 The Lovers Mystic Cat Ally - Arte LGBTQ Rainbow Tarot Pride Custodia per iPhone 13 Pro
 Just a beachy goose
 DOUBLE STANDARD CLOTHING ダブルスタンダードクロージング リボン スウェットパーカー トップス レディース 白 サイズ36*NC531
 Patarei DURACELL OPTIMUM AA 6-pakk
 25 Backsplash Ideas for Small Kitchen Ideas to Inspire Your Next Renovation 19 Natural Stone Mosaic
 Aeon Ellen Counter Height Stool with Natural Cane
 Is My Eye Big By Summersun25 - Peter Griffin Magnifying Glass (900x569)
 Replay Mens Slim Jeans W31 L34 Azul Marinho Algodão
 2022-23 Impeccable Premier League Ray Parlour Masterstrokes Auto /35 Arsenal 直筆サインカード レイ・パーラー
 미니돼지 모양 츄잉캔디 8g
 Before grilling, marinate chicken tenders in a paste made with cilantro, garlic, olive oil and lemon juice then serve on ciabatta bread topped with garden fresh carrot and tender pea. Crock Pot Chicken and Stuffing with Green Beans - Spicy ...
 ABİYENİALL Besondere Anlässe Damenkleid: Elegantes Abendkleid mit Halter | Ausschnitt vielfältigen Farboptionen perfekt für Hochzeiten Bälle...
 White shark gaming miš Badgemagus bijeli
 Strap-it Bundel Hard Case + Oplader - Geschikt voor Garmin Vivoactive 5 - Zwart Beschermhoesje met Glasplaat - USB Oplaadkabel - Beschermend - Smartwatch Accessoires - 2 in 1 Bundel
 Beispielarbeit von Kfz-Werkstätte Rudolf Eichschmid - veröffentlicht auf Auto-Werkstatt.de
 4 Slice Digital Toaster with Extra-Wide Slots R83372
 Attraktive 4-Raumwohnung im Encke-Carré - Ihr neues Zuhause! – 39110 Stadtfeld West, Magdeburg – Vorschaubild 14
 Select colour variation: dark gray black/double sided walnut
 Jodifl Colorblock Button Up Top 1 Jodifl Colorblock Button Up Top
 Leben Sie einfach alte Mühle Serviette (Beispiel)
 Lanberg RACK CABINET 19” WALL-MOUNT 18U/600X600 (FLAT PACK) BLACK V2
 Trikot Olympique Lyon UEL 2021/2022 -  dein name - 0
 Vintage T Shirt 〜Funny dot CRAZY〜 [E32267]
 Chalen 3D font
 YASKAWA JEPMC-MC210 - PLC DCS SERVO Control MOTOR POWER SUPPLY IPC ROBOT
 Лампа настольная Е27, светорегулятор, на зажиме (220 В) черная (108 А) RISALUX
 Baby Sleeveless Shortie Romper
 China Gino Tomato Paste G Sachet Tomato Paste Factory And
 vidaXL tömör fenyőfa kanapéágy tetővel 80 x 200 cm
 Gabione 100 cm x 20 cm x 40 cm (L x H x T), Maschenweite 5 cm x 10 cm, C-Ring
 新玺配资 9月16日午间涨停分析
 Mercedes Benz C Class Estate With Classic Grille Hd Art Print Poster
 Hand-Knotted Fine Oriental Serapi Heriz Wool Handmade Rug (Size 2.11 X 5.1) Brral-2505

» ABOUT THIS TASK
Starting with the first line of the records above, give back each line exactly until the line with "4 Slice Digital" has been given as well.

» RESULT OF THE EXERCISE
 The Lovers Mystic Cat Ally - Arte LGBTQ Rainbow Tarot Pride Custodia per iPhone 13 Pro
 Just a beachy goose
 DOUBLE STANDARD CLOTHING ダブルスタンダードクロージング リボン スウェットパーカー トップス レディース 白 サイズ36*NC531
 Patarei DURACELL OPTIMUM AA 6-pakk
 25 Backsplash Ideas for Small Kitchen Ideas to Inspire Your Next Renovation 19 Natural Stone Mosaic
 Aeon Ellen Counter Height Stool with Natural Cane
 Is My Eye Big By Summersun25 - Peter Griffin Magnifying Glass (900x569)
 Replay Mens Slim Jeans W31 L34 Azul Marinho Algodão
 2022-23 Impeccable Premier League Ray Parlour Masterstrokes Auto /35 Arsenal 直筆サインカード レイ・パーラー
 미니돼지 모양 츄잉캔디 8g
 Before grilling, marinate chicken tenders in a paste made with cilantro, garlic, olive oil and lemon juice then serve on ciabatta bread topped with garden fresh carrot and tender pea. Crock Pot Chicken and Stuffing with Green Beans - Spicy ...
 ABİYENİALL Besondere Anlässe Damenkleid: Elegantes Abendkleid mit Halter | Ausschnitt vielfältigen Farboptionen perfekt für Hochzeiten Bälle...
 White shark gaming miš Badgemagus bijeli
 Strap-it Bundel Hard Case + Oplader - Geschikt voor Garmin Vivoactive 5 - Zwart Beschermhoesje met Glasplaat - USB Oplaadkabel - Beschermend - Smartwatch Accessoires - 2 in 1 Bundel
 Beispielarbeit von Kfz-Werkstätte Rudolf Eichschmid - veröffentlicht auf Auto-Werkstatt.de
 4 Slice Digital Toaster with Extra-Wide Slots R83372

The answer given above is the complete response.